Full time in-office obligations in Fortune 500 companies have increased from 13% in Q4 2024 to 24% today. This is according to the Flex Report. It further states that the average weekly office requirements rose from 2.3 to 2.9 days and by contrast, firms with 5000-25000 employees hardly shifted, with full time in-office rules increasing only 21% to 22%.

Though it is being reported in the dailies that organisations are resuming to full time physical resumption at work, Flex Report shows that only 33% of US firms need this, and while Fortune 500 corporations have shown to be the biggest players to this rule, a lot of them have stuck to hybrid work patterns.

However, there is a gap.

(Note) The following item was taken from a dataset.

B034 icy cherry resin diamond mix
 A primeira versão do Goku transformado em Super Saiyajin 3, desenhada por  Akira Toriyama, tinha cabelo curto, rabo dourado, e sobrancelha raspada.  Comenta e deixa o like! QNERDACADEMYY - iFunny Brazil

According to data from Stanford’s Nick Bloom, while required office days have increased 10% since Q1 2024, attendance has been unstable between 1% and 2% higher.

The report examined US-wide trends to ascertain if prominent shifts toward full time in-office show a wider market swing or just remote cases.

This investigation delved into what is revolutionising America’s leading businesses, and if the smaller ones are following suit. Equally, they also revealed from their findings, that the smaller ones are not.

The report, which also involved an in-depth investigation by Stanford Professor Nick Bloom and his team, showed the affiliation between rules and comportment, exposing the crack between company’s expectations and employee’s response to heightened insistence on physical presence at work.

So, though the number of days required to be present at work increased 10% since Q1 2024, according to Stanford Prof. Nick Bloom, based on Stanford and US census data, attendance remains “flat as a pancake.”

Worthy of mention is that the smaller companies are luring workers with more flexibility. According to the report, 52% of non-tech companies with less than 500 employees remain fixated on completely flexible policies, which is in great dissimilarity to bigger companies who significantly support organised hybrid schedules.

Certainly, the rest of 2025 has a lot to be seen in the adaptability of office workplace flexibility.